Al Jazeera Türk'ten İrfan Bozan'ın sorularını yanıtlayan (20 Ağustos 2015) Acar'ın açıklamaları özetle şöyle:
Son araştırmanızda yüzde 18’lik bir kararsız seçmen buldunuz. İki buçuk ay önce oy kullanan seçmenlerin yaklaşık beşte biri nasıl birdenbire kararsız oldu? Garip bir durum değil mi?
Seçimin hemen sonrasında yaptığımız araştırmada, HDP seçmeni dışında hiçbir parti seçmeni sonuçtan memnun değildi. Buna rağmen ‘’Bu pazar seçim yenilense partinize yine oy verir misiniz?’’ sorumuza seçmenlerin yüzde 93’ü "evet" yanıtı vermişti. Aradan geçen iki aylık sürede seçmen gidişatı izledi, Türkiye’nin sıkıntılarla yüz yüze geleceği bir ortam oluşmasını algıladılar. Şu anda yüzde 9 kararsız, yüzde 9 ise boş oy atarım, sandığa gitmem, protesto ederim yaklaşımında. Bu yüzde 18’i normal şartlarda dağıtmamız bizi çok sağlıklı sonuca götürmüyor aslında, ama günü bağlayan bir fotoğraf olduğunu düşünerek, biz bunu oransal olarak dağıtıyoruz. Bugün bu yüzde 18’in oransal dağılımına bir şerh koşmakta fayda var. 20 yıldır Türkiye’de yaşanan seçimleri bir araştırmacı olarak izleyen biri olarak, seçimden iki ay sonra yüzde 20’ye yakın tarafını belli edemeyen bir seçmen durumunu hiç tecrübe etmedik. Kendini bir anlamda geri çeken, pusuya yatarak süreci izleyeceğini söyleyen bir seçmeni açıkçası görmedim. 7 Haziran seçimleri öncesinde hatırlarsanız İngiltere ve İsrail’de yapılan seçimlerde araştırmacılar hep yanılmışlardı. Bu seçimde de Türkiye’deki araştırmacılar böyle bir sınav verebilir. Çünkü bu yüzde 18’lik kararsız seçmen açıkçası bir araştırmacı için ürkütücü. Bu seçmenler sonucu değiştirebilecek kadar da etkili.

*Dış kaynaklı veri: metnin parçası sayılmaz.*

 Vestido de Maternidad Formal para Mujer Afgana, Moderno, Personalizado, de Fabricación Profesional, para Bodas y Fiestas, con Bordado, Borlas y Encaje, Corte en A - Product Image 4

'Kararsızların yüzde 6’sı AKP’ye oy verenler'
Bu kararsız seçmen içinde son seçimde AK Parti’yi yüzde 41’e taşıyan seçmenler var mı?
7 Haziran’da AK Parti’ye oy verenlerin yüzde 20’ye yakını bu tarafa, yani yüzde 18’in arasına geçmiş durumda. Bu önemli bir oran.
7 Haziran’da AK Parti’ye oy verenlerin yüzde 20’si şimdi kararsız tarafa mı geçti diyorsunuz?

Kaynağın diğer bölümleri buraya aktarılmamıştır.